Within the entries below, output exactly the lines between the line containing "HUGO BOSS Skjorte, Herre, Lyserød, S, Slim" and the line containing "LANDA MINI OLIVO CROSSBODY BAG BURGUNDY SIDE", inclusive, and omit any picture.
● ● ●
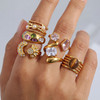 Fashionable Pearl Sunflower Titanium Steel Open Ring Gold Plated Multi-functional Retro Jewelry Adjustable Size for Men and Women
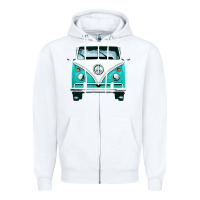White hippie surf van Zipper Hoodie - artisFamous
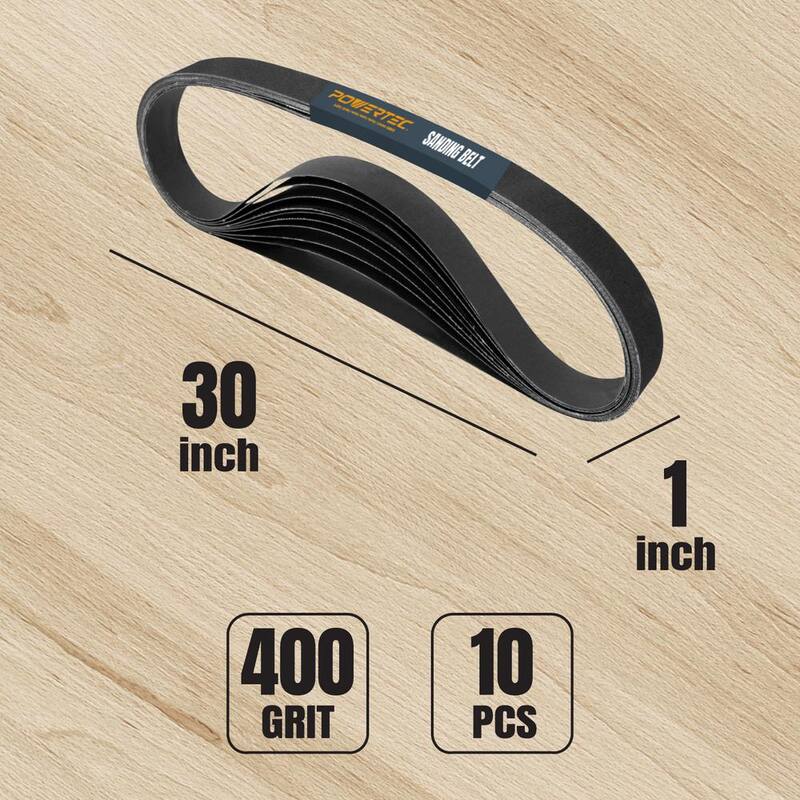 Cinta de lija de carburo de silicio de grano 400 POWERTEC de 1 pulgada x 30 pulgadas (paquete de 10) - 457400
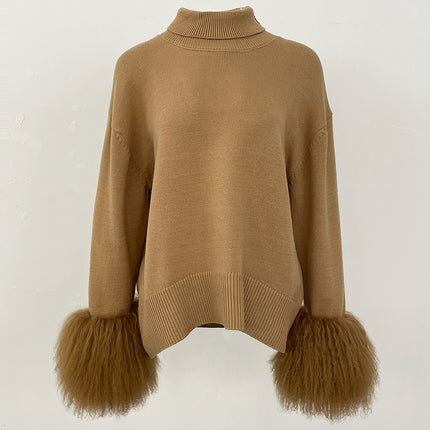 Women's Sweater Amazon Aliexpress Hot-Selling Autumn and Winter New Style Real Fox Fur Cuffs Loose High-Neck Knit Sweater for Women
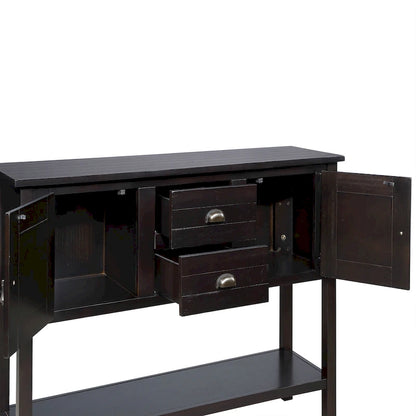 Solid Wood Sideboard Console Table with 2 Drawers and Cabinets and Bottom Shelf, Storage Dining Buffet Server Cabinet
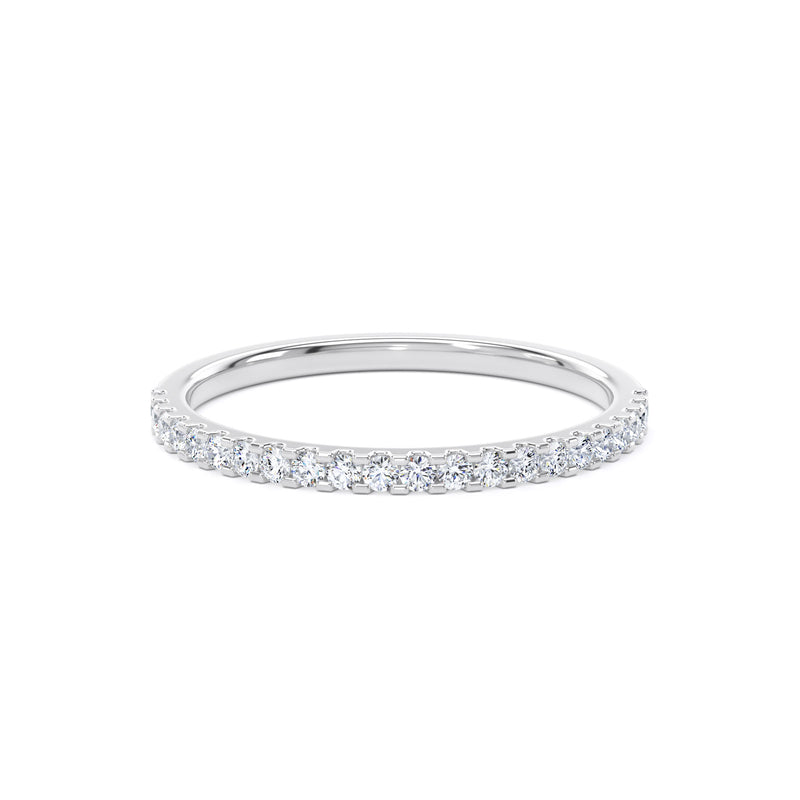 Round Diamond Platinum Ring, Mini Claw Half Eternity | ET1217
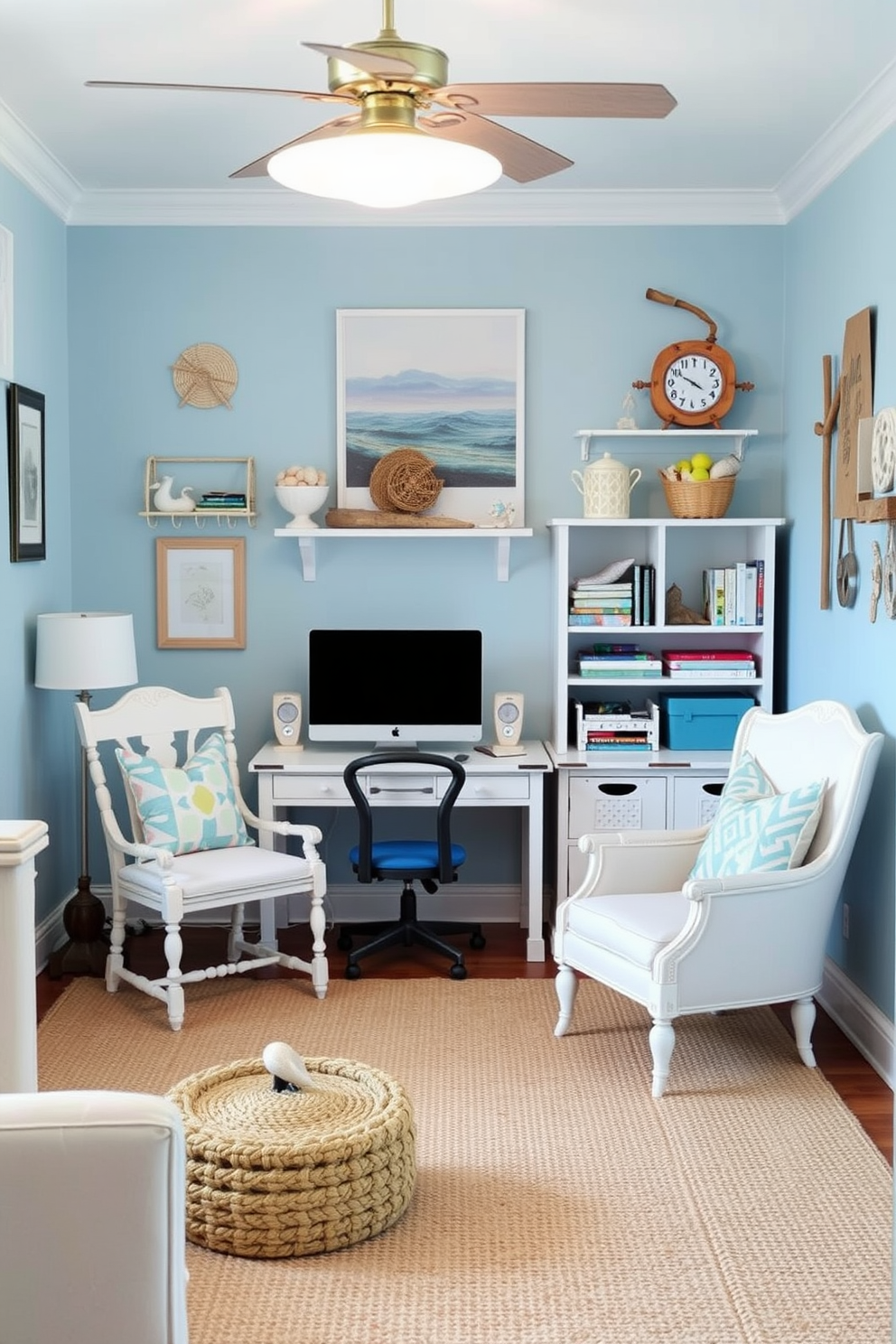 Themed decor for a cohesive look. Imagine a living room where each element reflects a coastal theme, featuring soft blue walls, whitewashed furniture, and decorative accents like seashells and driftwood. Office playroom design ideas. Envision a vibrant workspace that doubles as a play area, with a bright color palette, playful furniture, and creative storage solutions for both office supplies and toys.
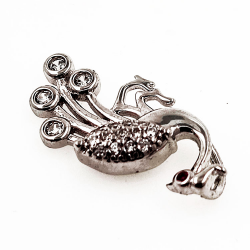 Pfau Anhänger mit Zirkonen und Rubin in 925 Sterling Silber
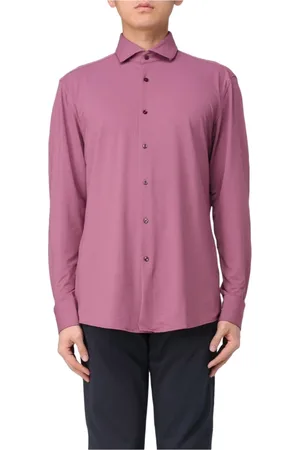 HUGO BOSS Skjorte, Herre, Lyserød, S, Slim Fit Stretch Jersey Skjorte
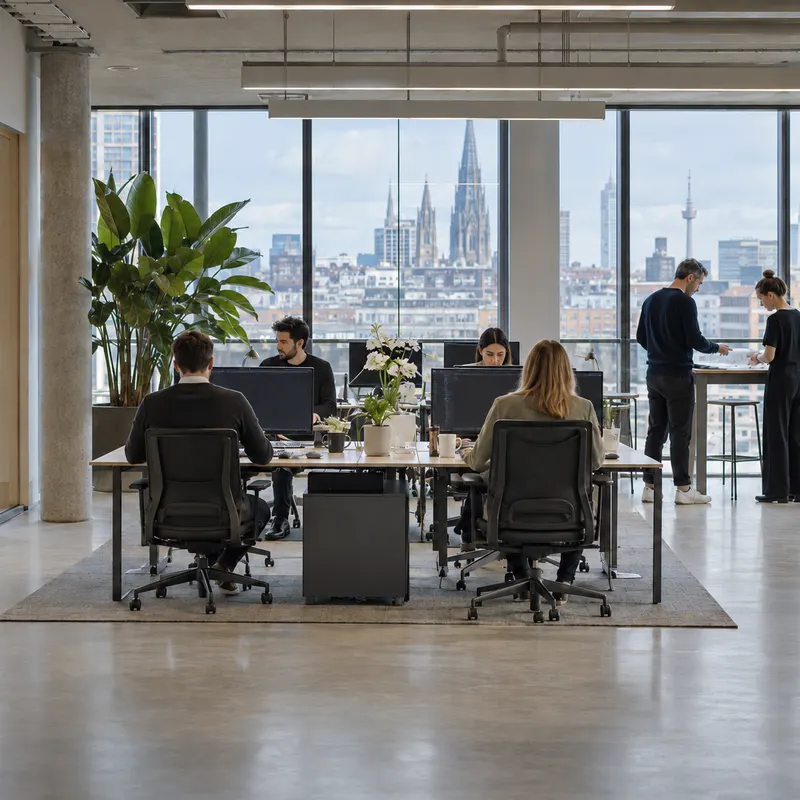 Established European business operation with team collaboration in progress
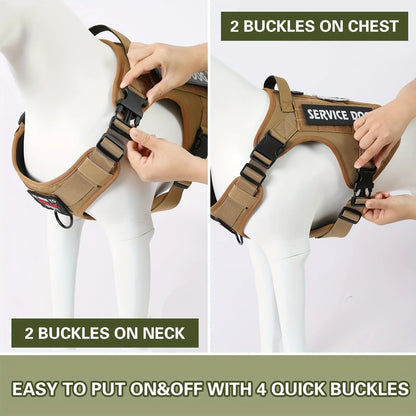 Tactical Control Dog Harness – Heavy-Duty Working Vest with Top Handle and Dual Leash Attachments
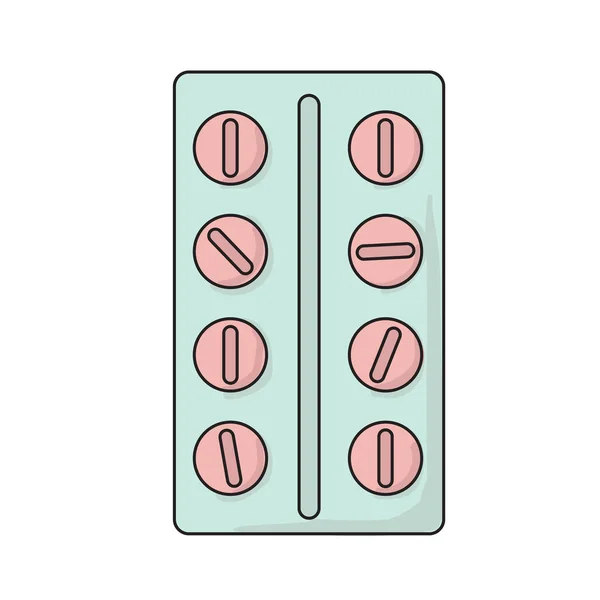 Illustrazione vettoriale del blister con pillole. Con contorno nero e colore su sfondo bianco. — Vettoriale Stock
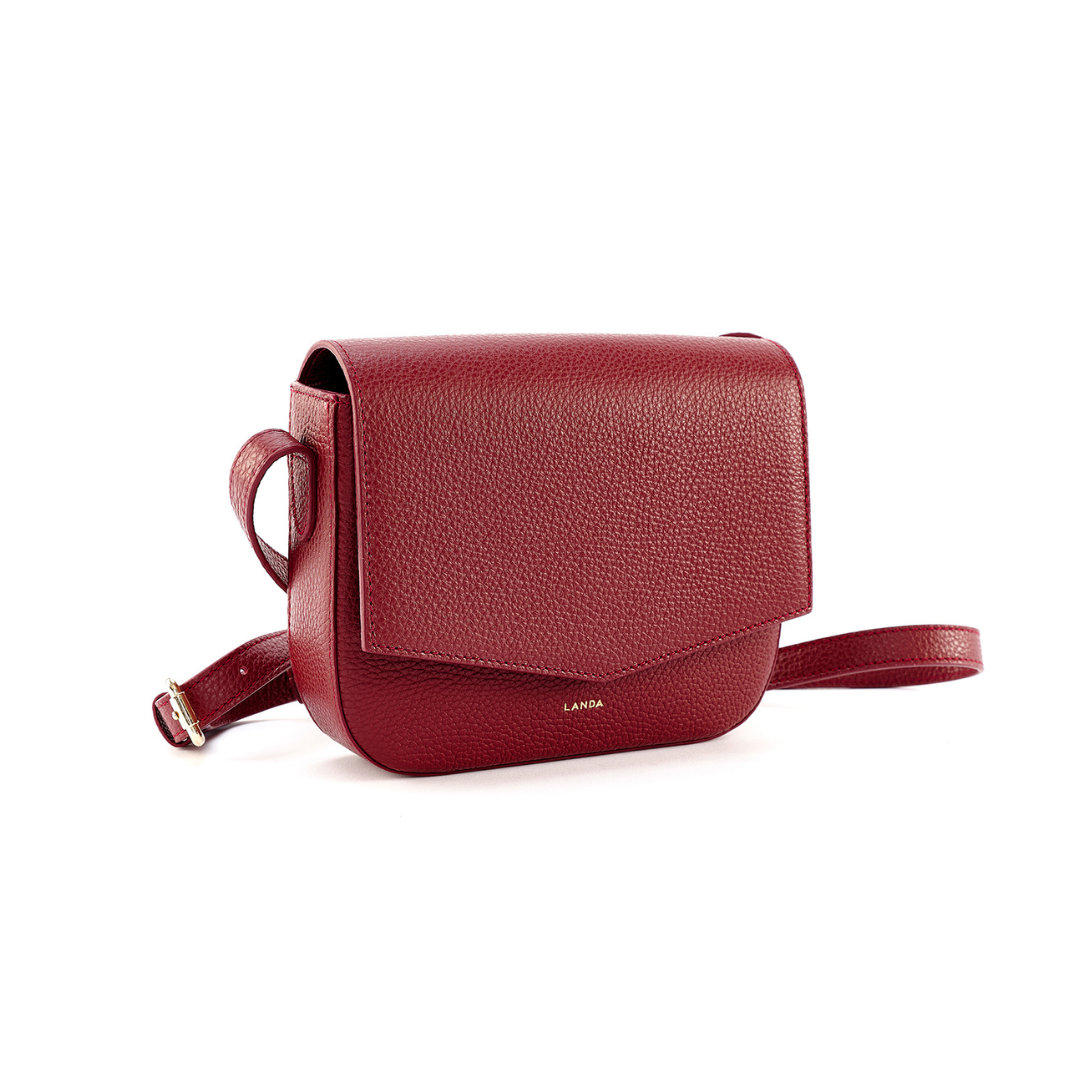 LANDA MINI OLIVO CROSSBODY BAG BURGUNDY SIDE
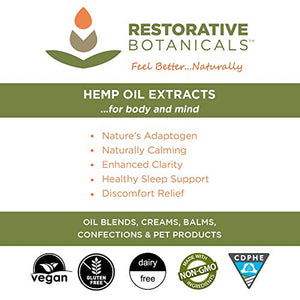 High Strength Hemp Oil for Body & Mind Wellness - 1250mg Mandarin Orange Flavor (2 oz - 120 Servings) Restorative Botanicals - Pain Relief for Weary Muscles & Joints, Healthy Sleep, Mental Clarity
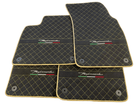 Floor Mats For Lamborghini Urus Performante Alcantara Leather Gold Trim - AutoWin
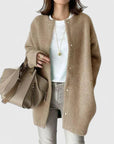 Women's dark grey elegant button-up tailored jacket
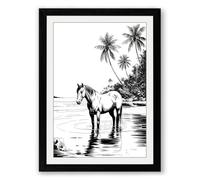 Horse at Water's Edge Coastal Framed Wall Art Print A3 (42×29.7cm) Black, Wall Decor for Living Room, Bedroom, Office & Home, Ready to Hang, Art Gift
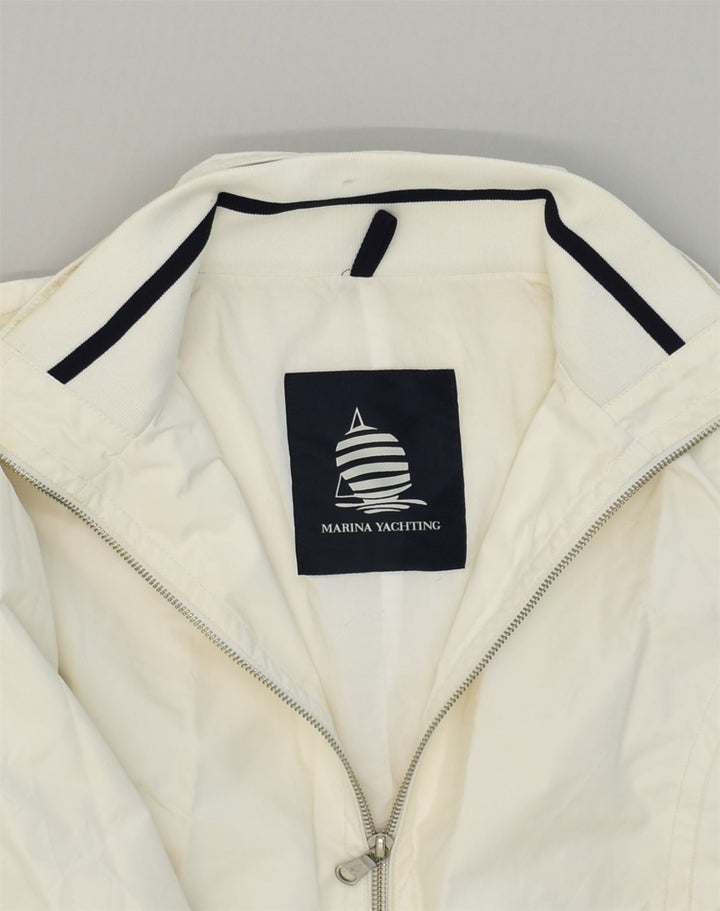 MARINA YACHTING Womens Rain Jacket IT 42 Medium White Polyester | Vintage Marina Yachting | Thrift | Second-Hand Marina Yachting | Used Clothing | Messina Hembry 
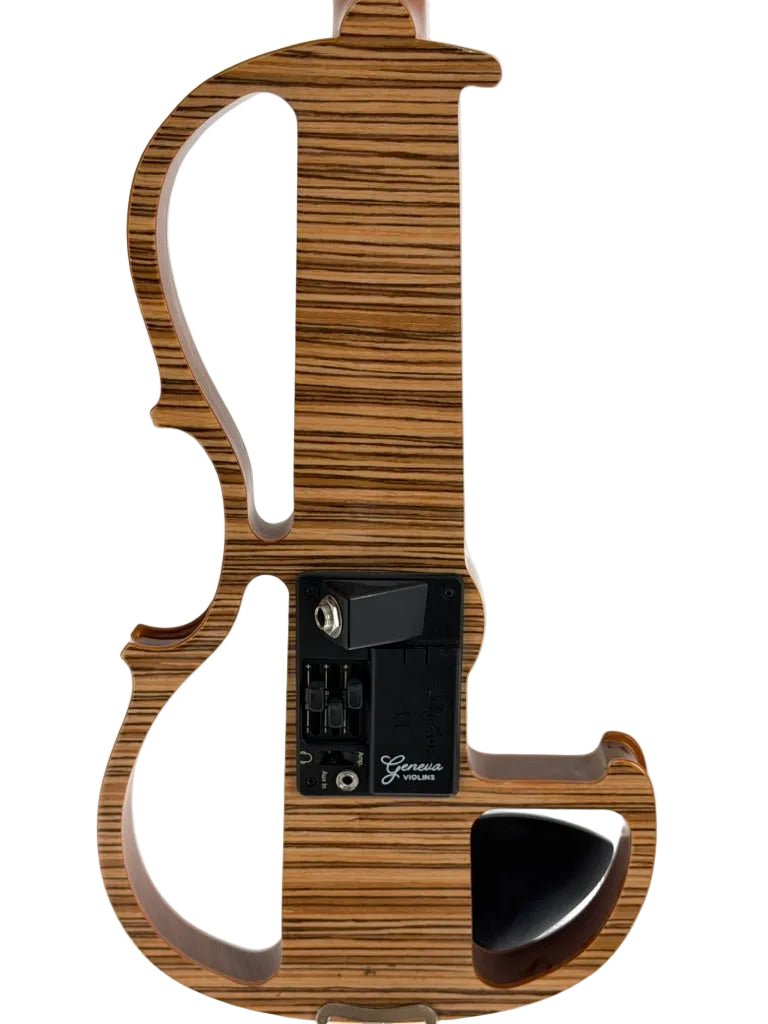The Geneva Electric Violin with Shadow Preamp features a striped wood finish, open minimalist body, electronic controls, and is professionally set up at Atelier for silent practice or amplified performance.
● ● ●
[Exercise result]
 HUGO BOSS Skjorte, Herre, Lyserød, S, Slim Fit Stretch Jersey Skjorte
 Established European business operation with team collaboration in progress
 Tactical Control Dog Harness – Heavy-Duty Working Vest with Top Handle and Dual Leash Attachments
 Illustrazione vettoriale del blister con pillole. Con contorno nero e colore su sfondo bianco. — Vettoriale Stock
 LANDA MINI OLIVO CROSSBODY BAG BURGUNDY SIDE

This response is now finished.